Built by the Guidi Family - one of the most powerful families of medieval Tuscany – between the end of the 12th century and the beginning of the 14th, the Conti Guidi Castle is the undisputed symbol of Poppi and stands high on top of a hill with great views over the entire Casentino Valley. Contrary to other fortifications in the area, it has remained almost completely intact and can be clearly seen from almost anywhere in the countryside around Poppi. The castle often looks different, depending upon the time of day, the environmental conditions and the seasons; elegant and imposing, it has nothing to do with Neuschwanstein Castle in south-west Bavaria, Germany, but it definitely looks like it came straight from a fairytale.
The castle façade is divided into two unequal sections by a high square tower that was originally much taller: damaged by a lightning strike in the second decade of the 19th century, the tower was shortened and transformed into a belfry. The left side of the façade boasts six two-light windows, while the right side features only two. Although there is no documentary evidence, Lapo di Cambio is said to be the architect behind the oldest part of the castle, while his son Arnolfo (the architect involved in the construction of Palazzo Vecchio and the Basilica di Santa Croce in Florence) is said to be the man behind the more recent one. The entire structure is surrounded by a wide, now-empty, moat that encircles a defensive wall with Guelph crenellations. Access to the castle is through the “Munizione Tower” that was once defended by a drawbridge. The “Lion Gate” opens into an inner courtyard – probably the most delightful feature of the castle – the walls of which are covered with fine coats of arms.
The ground floor of Poppi Castle boasts elements of particular interest, such as the beautiful stone staircase built by Jacopo di Baldassarre Turriani, some wooden landings and a majestic column that provides support to the roof.
The first floor is home to what is considered to be the jewel of Casentino, or rather the Rilliana Library, which contains 25000 old books! Besides some 14th-century frescoes by Giotto's pupil Taddeo Gaddi, the castle's upper floor (or Piano Nobile) houses a museum devoted to the Battle of Campaldino, with a diorama showing how the Guelph army (supporting the Pope) and the pro-imperial Ghibelline army (mostly from Arezzo) were arrayed on the field. Also mentioned by Dante Alighieri in his Divine Comedy, the battle took place on June 11, 1289 and marked the beginning of the hegemony of the Florentine Guelphs over Tuscany.

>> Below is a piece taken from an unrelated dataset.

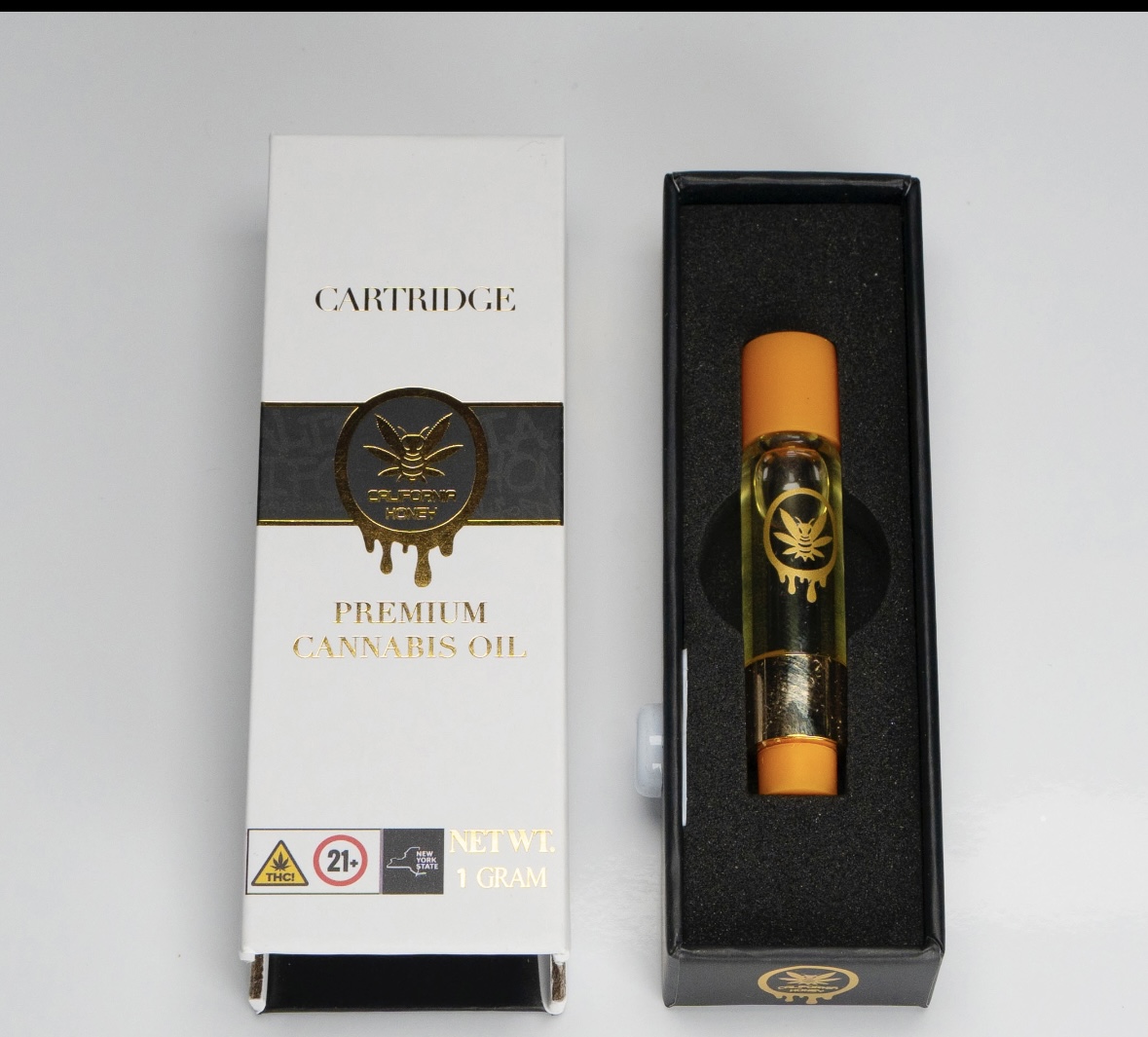 Photograph of product: Gorilla Glue - - Distillate Vapor - 5/10 Thread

Before leaving the Conti Guidi Castle, don't forget to climb the 104 steps up to the belfry: the climb is challenging, but you will be rewarded with some truly wonderful views!
Other places of interest in Poppi
Most people go to Poppi simply because they want to visit its wonderful castle; however, this village in north-east Tuscany is also a perfect place to take a pleasant stroll in every season and has several other interesting sights. The village's main square, for instance, is home to the Oratorio della Madonna del Morbo, a rare example of Tuscan Barocchetto that houses a Madonna and Child with the Young Saint John the Baptist attributed to a follower of Filippino Lippi. The Church of San Fedele is a beautiful example of Romanesque architecture and contains some valuable artworks too. Poppi is known for its splendid colonnades, which are extremely rare in Tuscany; if you are travelling by car and have some extra time to explore the surrounding area, we suggest you consider visiting the Monastery of Camaldoli and its secluded hermitage, situated in an ancient forest, about 25 minutes from Poppi.